▸ **PROBLEM REQUIREMENTS**
The answer must be an exact copy of the entries below, with no images in it.

Dataset entries:
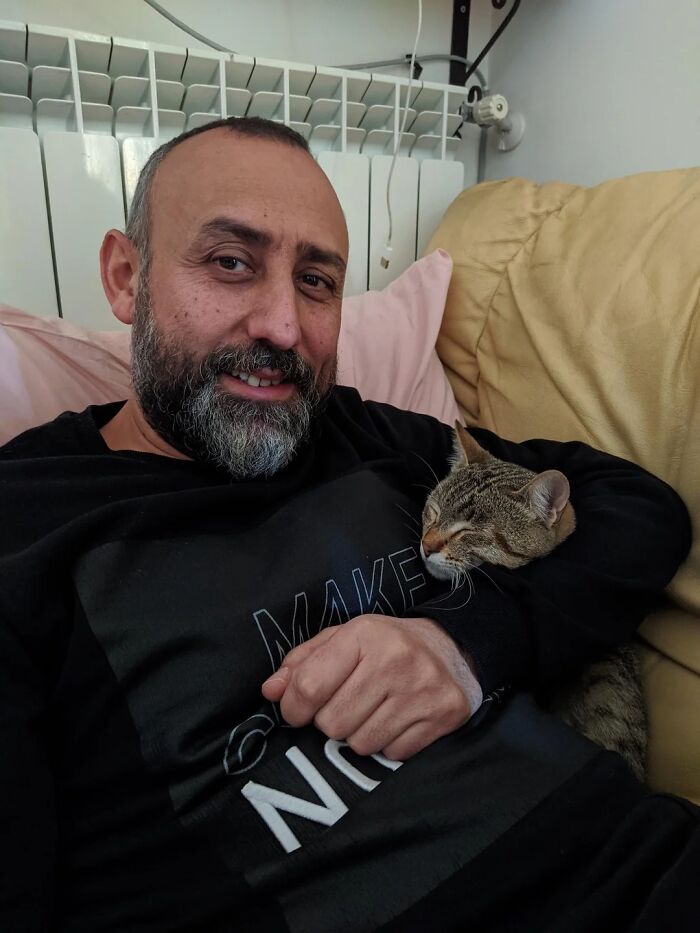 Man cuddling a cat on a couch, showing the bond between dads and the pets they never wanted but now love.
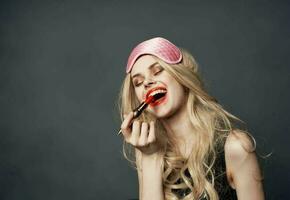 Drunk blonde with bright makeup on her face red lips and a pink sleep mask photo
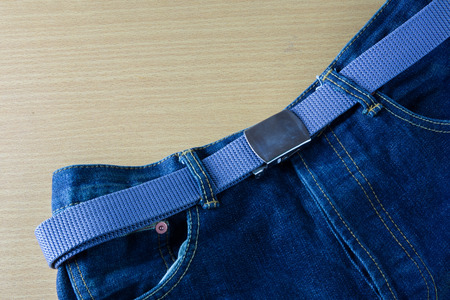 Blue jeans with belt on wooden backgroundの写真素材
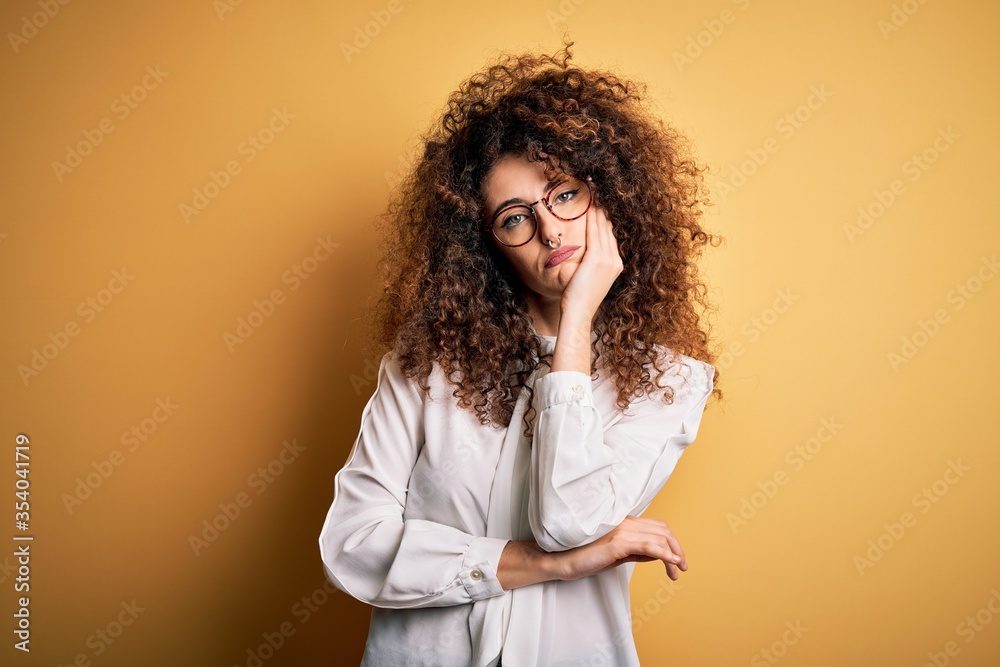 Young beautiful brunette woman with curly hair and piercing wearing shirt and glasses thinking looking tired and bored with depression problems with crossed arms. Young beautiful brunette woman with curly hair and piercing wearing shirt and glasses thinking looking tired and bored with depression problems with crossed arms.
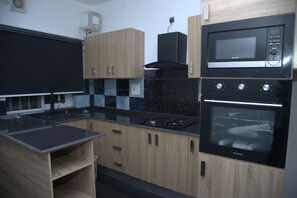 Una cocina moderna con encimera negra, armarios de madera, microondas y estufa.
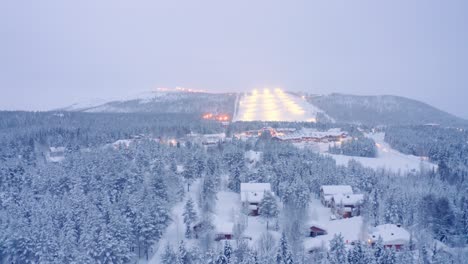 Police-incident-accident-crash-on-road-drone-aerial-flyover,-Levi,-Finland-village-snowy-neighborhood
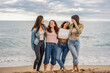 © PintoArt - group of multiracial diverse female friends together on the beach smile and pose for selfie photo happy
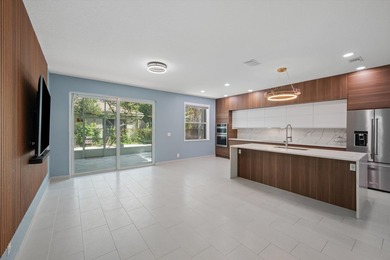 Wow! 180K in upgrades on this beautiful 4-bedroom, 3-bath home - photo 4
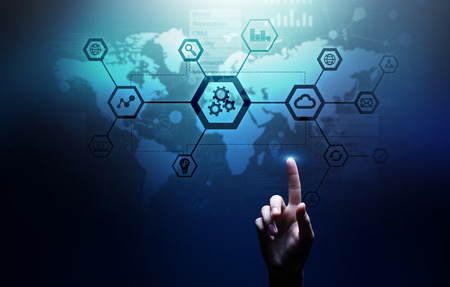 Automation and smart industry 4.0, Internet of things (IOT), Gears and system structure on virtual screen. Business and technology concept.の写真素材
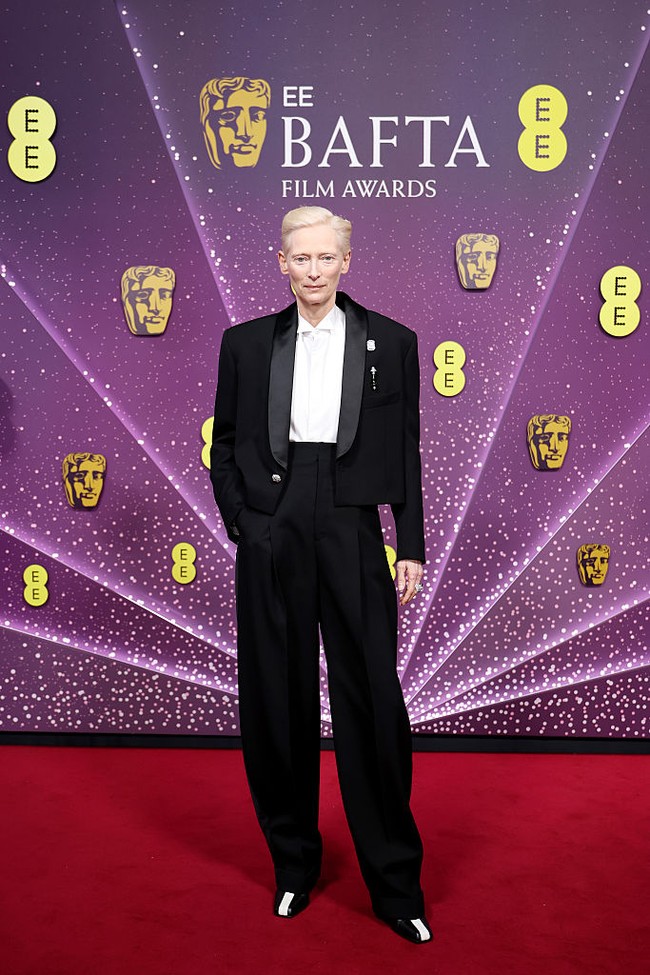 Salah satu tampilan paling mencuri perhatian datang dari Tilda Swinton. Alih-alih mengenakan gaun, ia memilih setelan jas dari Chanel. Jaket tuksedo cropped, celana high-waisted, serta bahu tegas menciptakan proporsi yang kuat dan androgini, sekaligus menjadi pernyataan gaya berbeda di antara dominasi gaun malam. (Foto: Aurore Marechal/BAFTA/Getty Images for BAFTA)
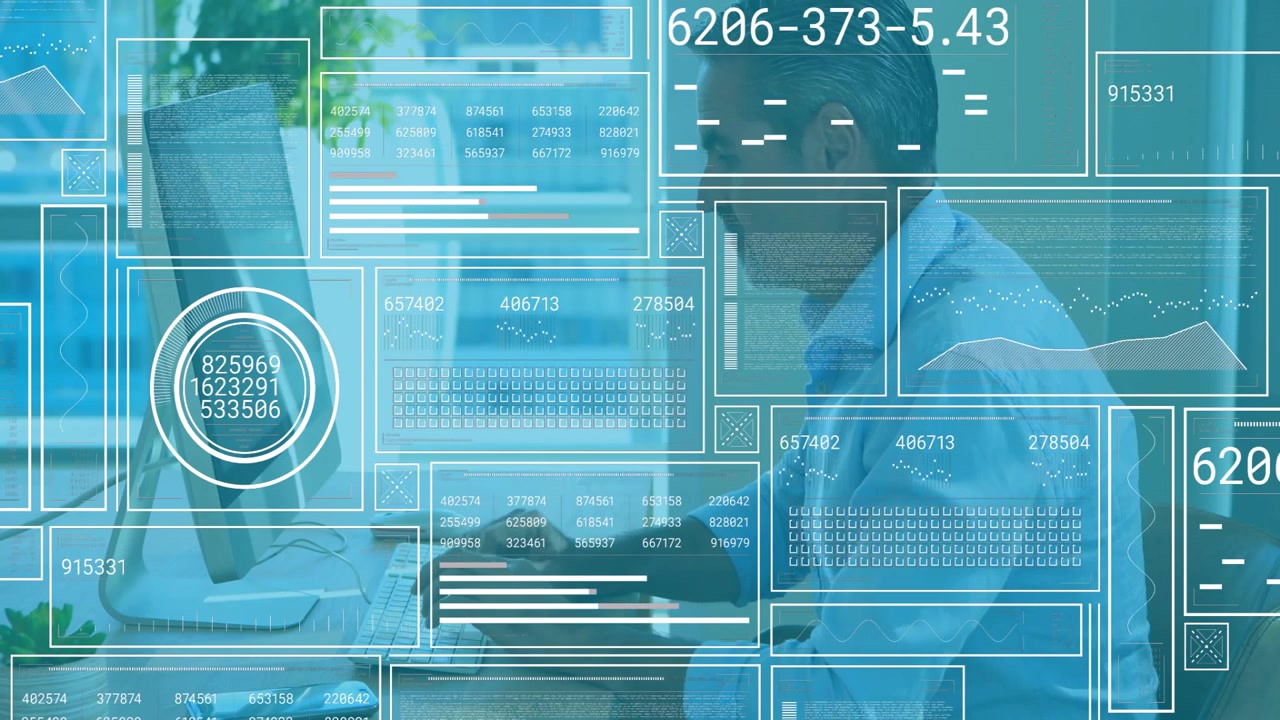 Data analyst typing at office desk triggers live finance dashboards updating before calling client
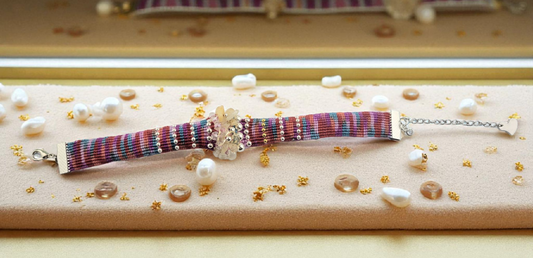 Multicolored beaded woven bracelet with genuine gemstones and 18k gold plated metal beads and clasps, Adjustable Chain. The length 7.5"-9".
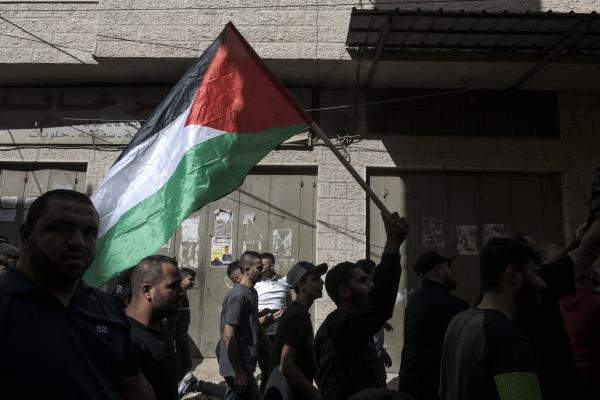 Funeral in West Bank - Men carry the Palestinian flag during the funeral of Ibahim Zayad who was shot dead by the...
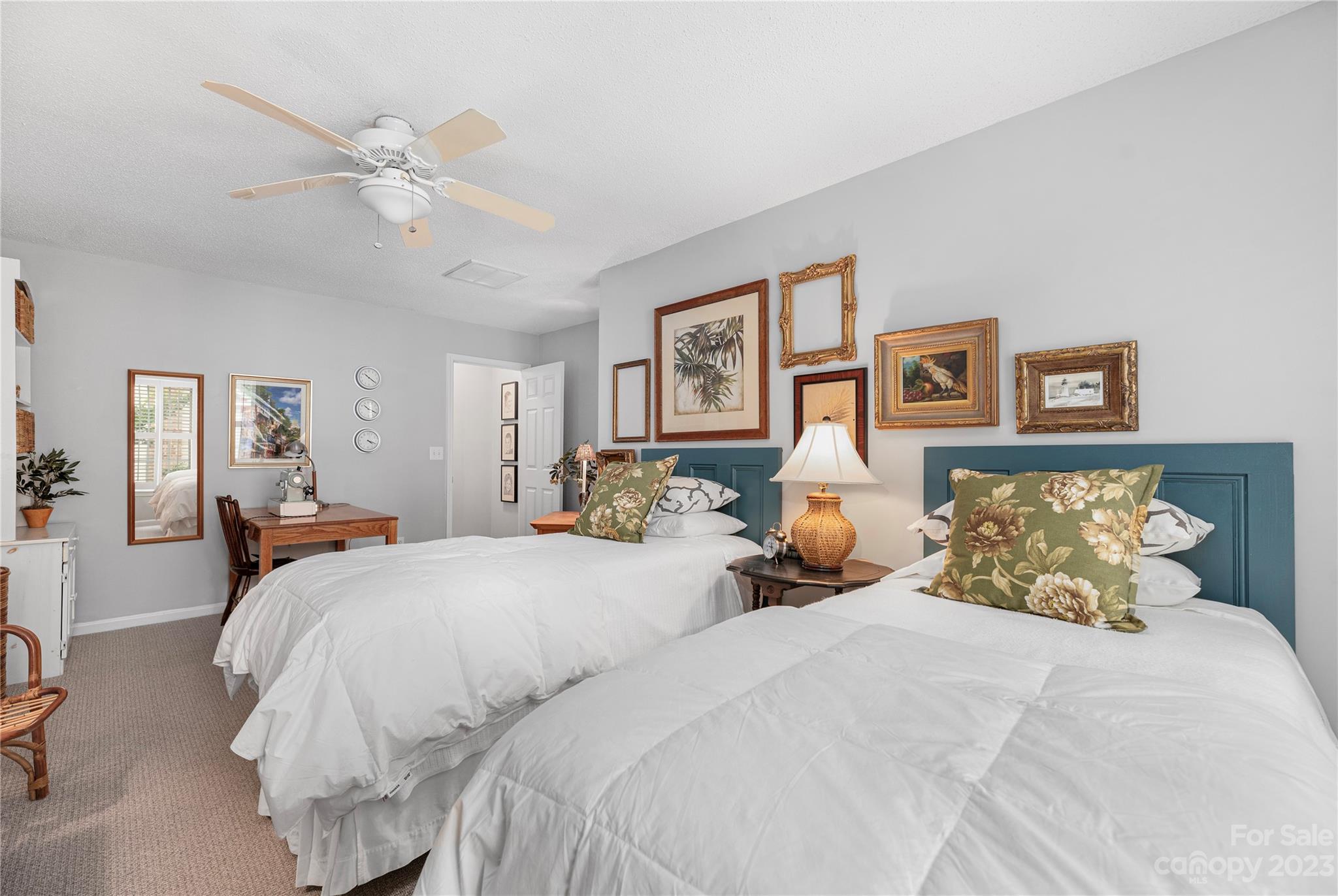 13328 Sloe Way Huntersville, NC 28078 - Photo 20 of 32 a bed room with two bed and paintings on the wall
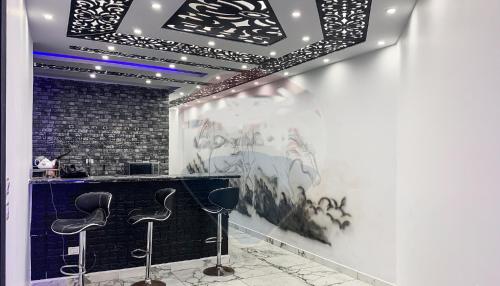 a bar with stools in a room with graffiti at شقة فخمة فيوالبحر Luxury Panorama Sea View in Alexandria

▸ **EXPECTED ANSWER**
 Man cuddling a cat on a couch, showing the bond between dads and the pets they never wanted but now love.
 Drunk blonde with bright makeup on her face red lips and a pink sleep mask photo
 Blue jeans with belt on wooden backgroundの写真素材
 Young beautiful brunette woman with curly hair and piercing wearing shirt and glasses thinking looking tired and bored with depression problems with crossed arms. Young beautiful brunette woman with curly hair and piercing wearing shirt and glasses thinking looking tired and bored with depression problems with crossed arms.
 Una cocina moderna con encimera negra, armarios de madera, microondas y estufa.
 Police-incident-accident-crash-on-road-drone-aerial-flyover,-Levi,-Finland-village-snowy-neighborhood
 © PintoArt - group of multiracial diverse female friends together on the beach smile and pose for selfie photo happy
 Wow! 180K in upgrades on this beautiful 4-bedroom, 3-bath home - photo 4
 Automation and smart industry 4.0, Internet of things (IOT), Gears and system structure on virtual screen. Business and technology concept.の写真素材
 Salah satu tampilan paling mencuri perhatian datang dari Tilda Swinton. Alih-alih mengenakan gaun, ia memilih setelan jas dari Chanel. Jaket tuksedo cropped, celana high-waisted, serta bahu tegas menciptakan proporsi yang kuat dan androgini, sekaligus menjadi pernyataan gaya berbeda di antara dominasi gaun malam. (Foto: Aurore Marechal/BAFTA/Getty Images for BAFTA)
 Data analyst typing at office desk triggers live finance dashboards updating before calling client
 Multicolored beaded woven bracelet with genuine gemstones and 18k gold plated metal beads and clasps, Adjustable Chain. The length 7.5"-9".
 Funeral in West Bank - Men carry the Palestinian flag during the funeral of Ibahim Zayad who was shot dead by the...
 13328 Sloe Way Huntersville, NC 28078 - Photo 20 of 32 a bed room with two bed and paintings on the wall
 a bar with stools in a room with graffiti at شقة فخمة فيوالبحر Luxury Panorama Sea View in Alexandria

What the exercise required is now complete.